La Russie de Staline ? Elle a deux fers au feu, entente avec l’Allemagne et négociations avec Paris…
L’Italie de Mussolini ? Elle réclame, comme prix de son alliance, le droit de conquérir l’Éthiopie, pays membre de la Société des Nations !
Faire la guerre, avec pour alliés la Tchécoslovaquie et la Pologne ? Mais l’opinion française est pacifiste. Qui veut mourir pour les Sudètes et pour Dantzig ?
On le veut d’autant moins que la France se brise dans les années trente entre une « gauche » et une « droite » dont l’affrontement est violent.
À gauche, on crie « Le fascisme ne passera pas ».
À droite, on dénonce les « valets de Moscou ».
C’est le Front populaire qui l’emporte aux élections de mai 1936 et la tension s’aggrave.
Léon Blum est le président du Conseil du gouvernement de Front populaire. Les communistes le soutiennent sans participer au pouvoir.
Blum est l’objet d’attaques violentes :
« Pour la première fois dans son histoire, ce vieux pays gallo-romain est gouverné par un Juif », dira le député Xavier Vallat.
Des complots se trament, des attentats, des assassinats ont lieu.
On regarde vers l’Espagne où, en juillet 1936, un coup de force militaire conduit par le général Franco déclenche une guerre civile.

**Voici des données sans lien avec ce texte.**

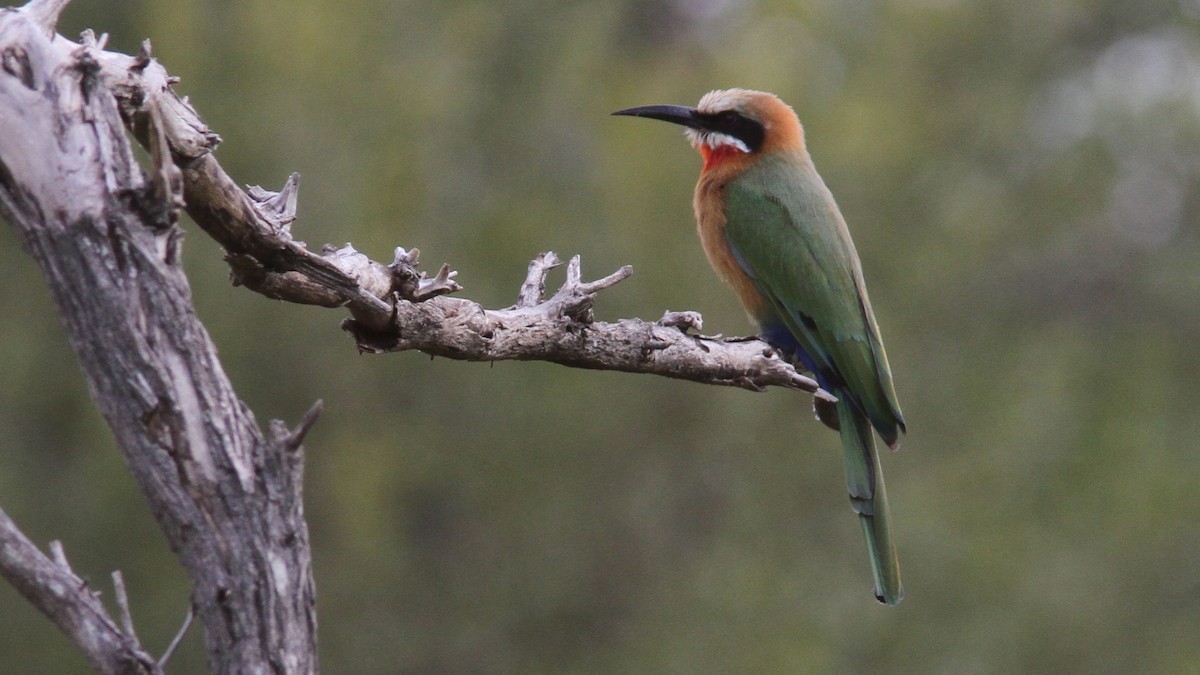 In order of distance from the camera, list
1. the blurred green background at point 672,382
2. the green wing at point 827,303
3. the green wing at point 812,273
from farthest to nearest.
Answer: the blurred green background at point 672,382 < the green wing at point 812,273 < the green wing at point 827,303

Face aux troupes de Franco, aidées par des contingents italiens et allemands, les « républicains » espagnols reçoivent l’aide clandestine de la France et des Brigades internationales organisées par les communistes.

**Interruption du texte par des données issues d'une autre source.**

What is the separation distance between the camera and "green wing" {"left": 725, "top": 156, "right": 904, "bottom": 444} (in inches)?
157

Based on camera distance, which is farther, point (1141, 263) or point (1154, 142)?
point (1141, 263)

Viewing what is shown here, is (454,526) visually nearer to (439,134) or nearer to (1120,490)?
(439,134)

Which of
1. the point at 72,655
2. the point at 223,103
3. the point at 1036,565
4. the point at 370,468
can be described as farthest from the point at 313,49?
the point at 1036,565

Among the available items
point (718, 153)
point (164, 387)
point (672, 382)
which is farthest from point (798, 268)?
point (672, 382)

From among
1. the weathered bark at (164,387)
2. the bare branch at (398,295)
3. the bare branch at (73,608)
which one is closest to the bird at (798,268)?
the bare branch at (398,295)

Londres et Paris ont choisi la « non-intervention ».
L’URSS soutient l’Espagne républicaine. Mais Staline a pour objectif moins de faire gagner la République espagnole que de susciter la guerre entre l’Allemagne et l’Italie d’une part, et la France et l’Angleterre d’autre part.
Politique qu’il mènera jusqu’au bout quand, le 23 août 1939, il signera un pacte de non-agression avec Hitler, comportant le partage de la Pologne entre nazis et Soviétiques.

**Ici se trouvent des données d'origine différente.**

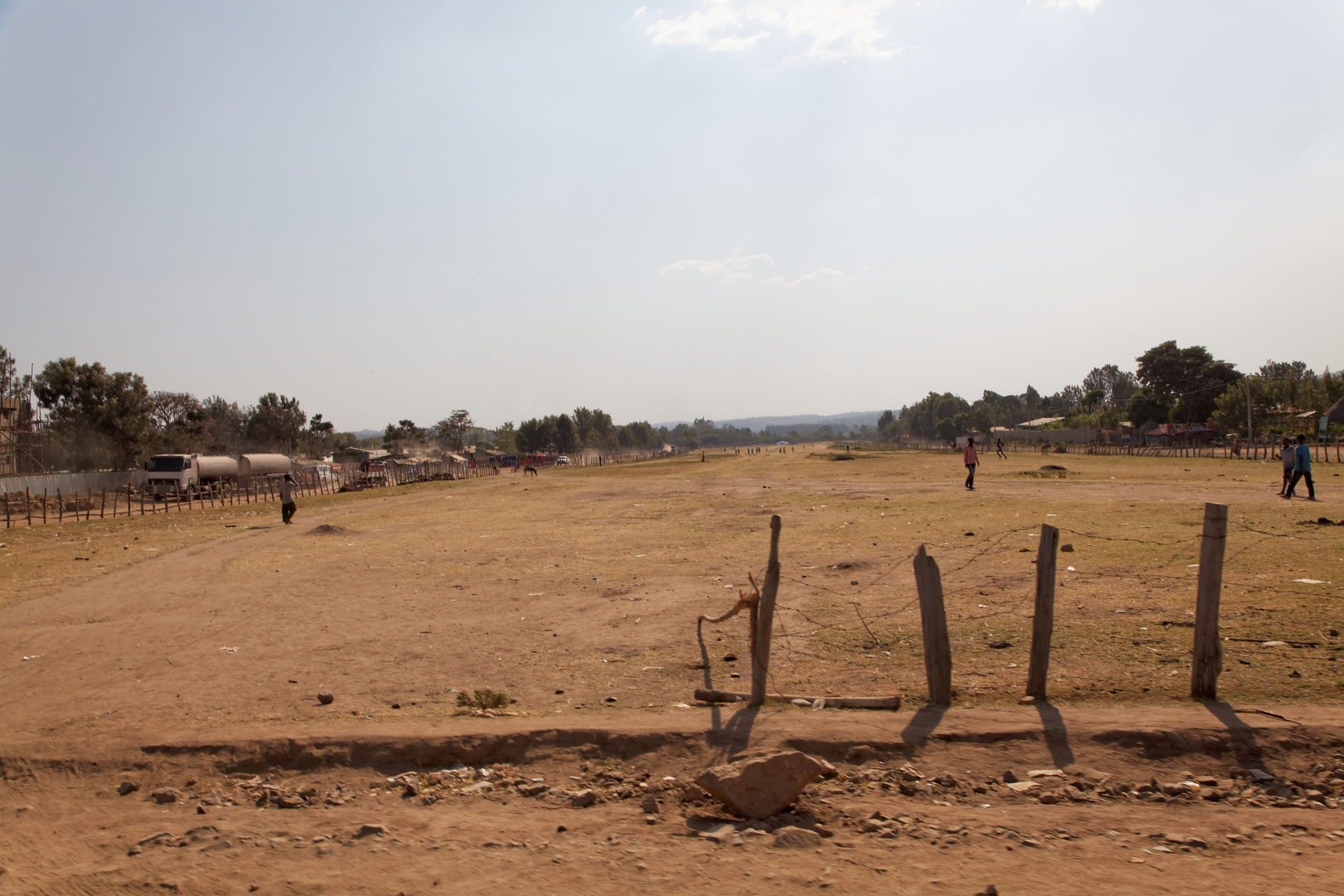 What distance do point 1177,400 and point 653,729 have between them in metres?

Ce pacte était aussi la réponse aux accords de Munich, par lesquels Londres et Paris abandonnaient à Hitler, avec la médiation de Mussolini, les Sudètes.
C’en était fini de la Tchécoslovaquie. Les troupes allemandes entraient à Prague en mars 1939 ! On ne mourrait pas pour les Sudètes, et on ne voulait pas mourir pour Dantzig qui serait, à l’évidence, la prochaine étape de la politique de Hitler.
L’engrenage tournait inexorablement.
Londres et Paris avaient chaque fois cédé devant Hitler.
Acceptation en mars 1936 de la remilitarisation de la Rhénanie.
Acceptation de la conquête de l’Éthiopie par Mussolini.
Acceptation de l’Anschluss.
On espérait à Londres et à Paris que ces capitulations successives – dont les accords de Munich furent le couronnement – établiraient, comme le déclarait le Premier Ministre britannique Neville Chamberlain, « la paix pour notre temps ».
Churchill, lucide, déclarait :
« Ils ont choisi le déshonneur pour éviter la guerre, ils auront le déshonneur et la guerre. »
En France, le colonel de Gaulle, qui commande le 507e régiment de chars, à Metz, analyse, en juillet 1937, devant Jacques Vendroux, la situation.
« Mon beau-frère, écrit Jacques Vendroux, me confie, avec plus de pessimisme qu’il n’en laisse paraître de coutume, qu’il est vraiment fort inquiet du proche avenir : la veulerie des politiciens, qu’ils soient alliés ou français, permet à Hitler de reconstituer dans un esprit de revanche une force militaire de plus en plus moderne et forte…
« La France aura d’autant moins les moyens de se défendre qu’elle sera pratiquement seule à supporter le premier choc : les Anglais ne sont pas prêts, on n’est pas du tout sûr de pouvoir compter sur les Russes ; quant aux Américains, toujours temporisateurs, ils resteront d’abord des spectateurs, complaisants il est vrai ; notre territoire sera sans doute une fois de plus envahi, quelques jours peuvent suffire pour atteindre Paris.
« Il faudra donc ensuite repartir de la Bretagne ou des massifs montagneux, voire de l’Algérie et lutter pendant de longs mois pour aboutir avec nos alliés à une victoire finale. Mais au prix de quels sacrifices ! »
Un an plus tard, en novembre 1938, un mois après les accords de Munich, de Gaulle écrit :
« Nous sommes, nous, la France, au bord de l’abîme. »
Le 3 septembre 1939, la Grande-Bretagne et la France déclarent la guerre à l’Allemagne.
Une « drôle de guerre » commence, vingt-cinq ans après le début de la Première Guerre mondiale en août 1914.